- [Your task]: Give back the lines below verbatim, omitting all pictures.

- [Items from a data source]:

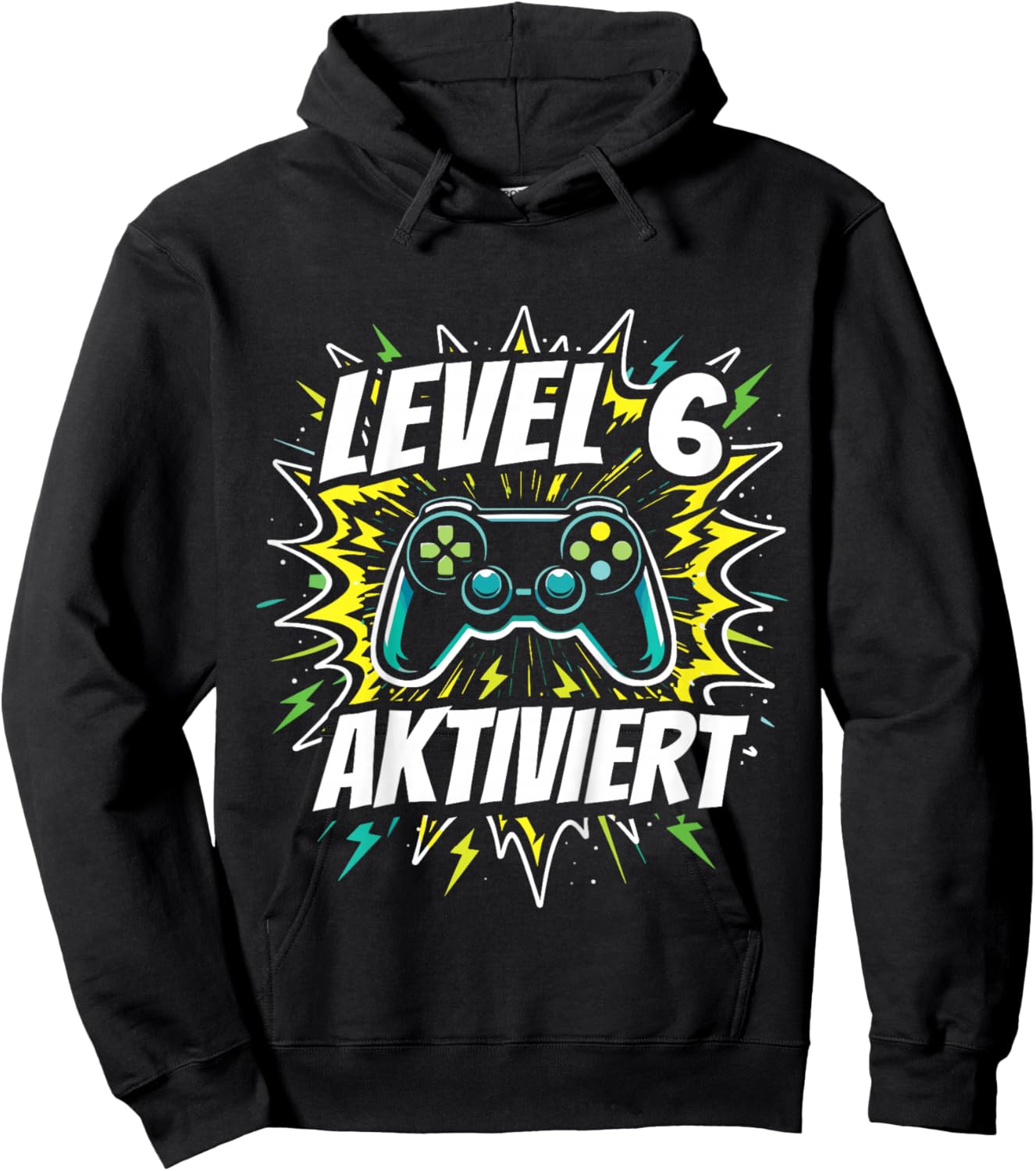 6. Geburtstag Jungen Video Gamer Level 6 Aktiviert Kids Hoodie - Hoodie | Black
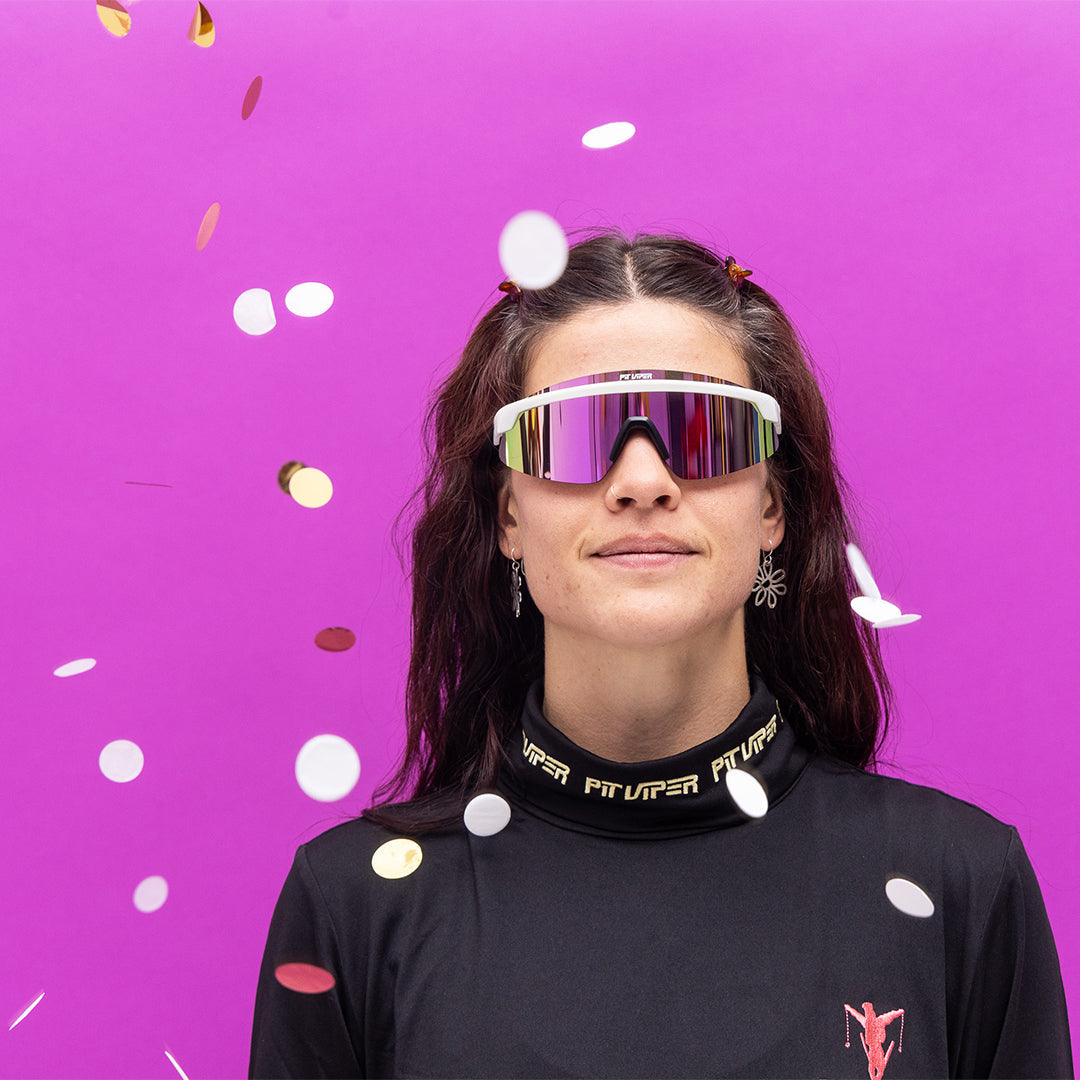 PLX PIT VIPER THE SKYSURFER SUNGLASSES THE MIAMI NIGHTS w/POLAR PINK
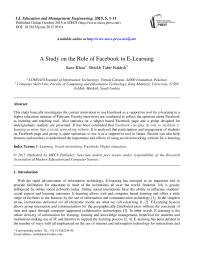 A Study on the Role of Facebook in E-Learning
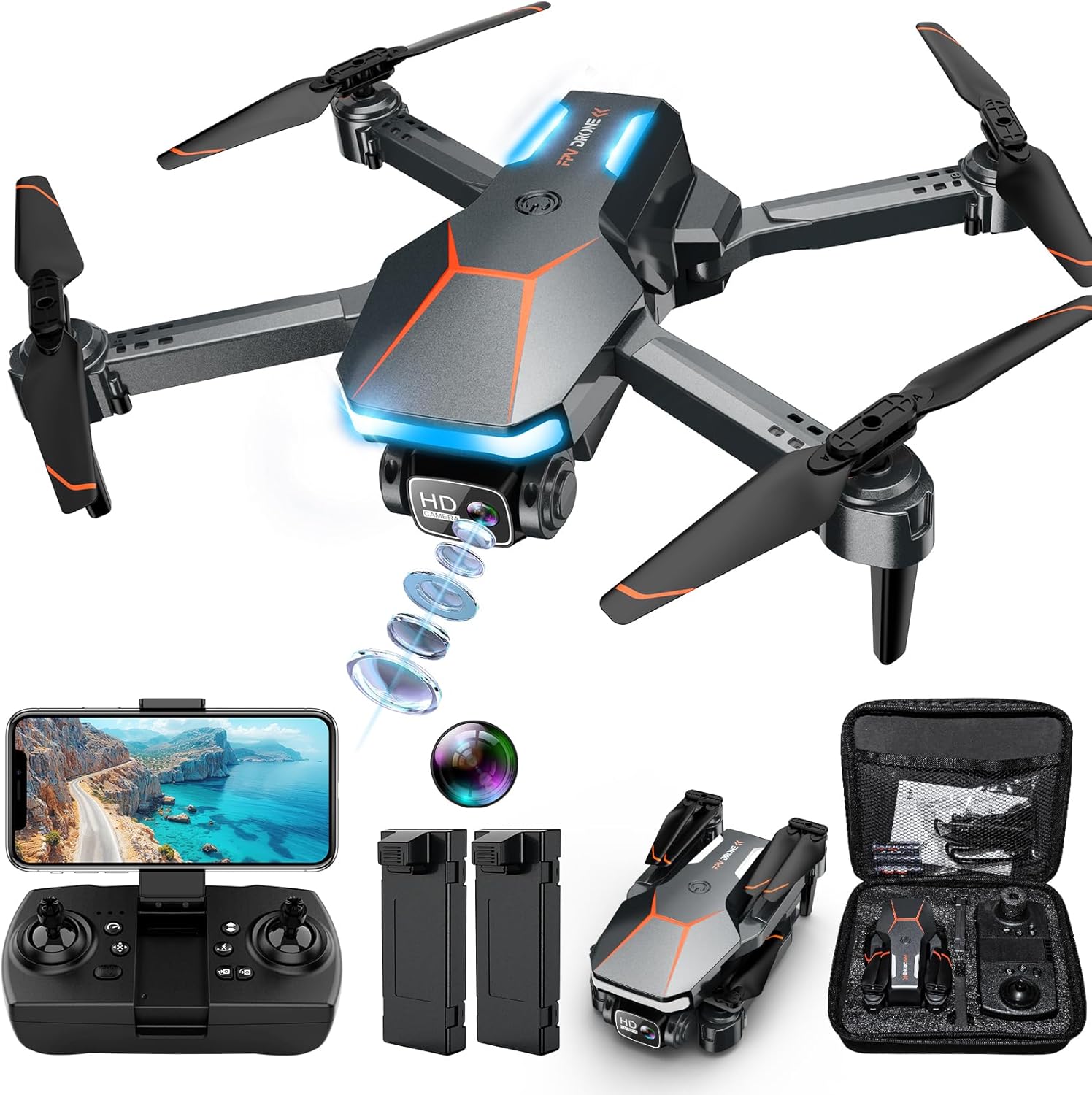 Drone with Camera 1080P FPV Foldable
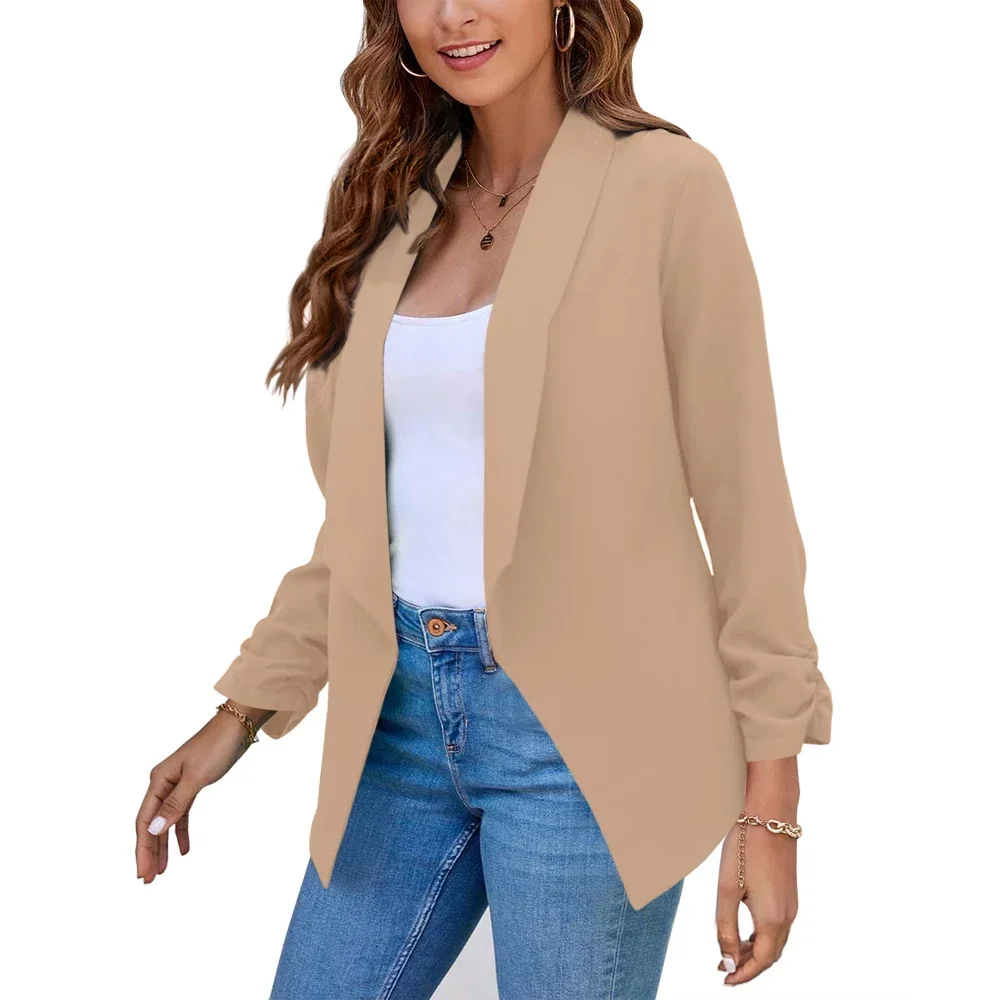 Zomer Zwarte Blazers Vrouwen 2025, Vrouwelijke Kantoor Dame Negen Kwart Blazer Open Stitch Dames Slanke Jassen Femme Dames Notched Tops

- [Solution to this problem]:
 6. Geburtstag Jungen Video Gamer Level 6 Aktiviert Kids Hoodie - Hoodie | Black
 PLX PIT VIPER THE SKYSURFER SUNGLASSES THE MIAMI NIGHTS w/POLAR PINK
 A Study on the Role of Facebook in E-Learning
 Drone with Camera 1080P FPV Foldable
 Zomer Zwarte Blazers Vrouwen 2025, Vrouwelijke Kantoor Dame Negen Kwart Blazer Open Stitch Dames Slanke Jassen Femme Dames Notched Tops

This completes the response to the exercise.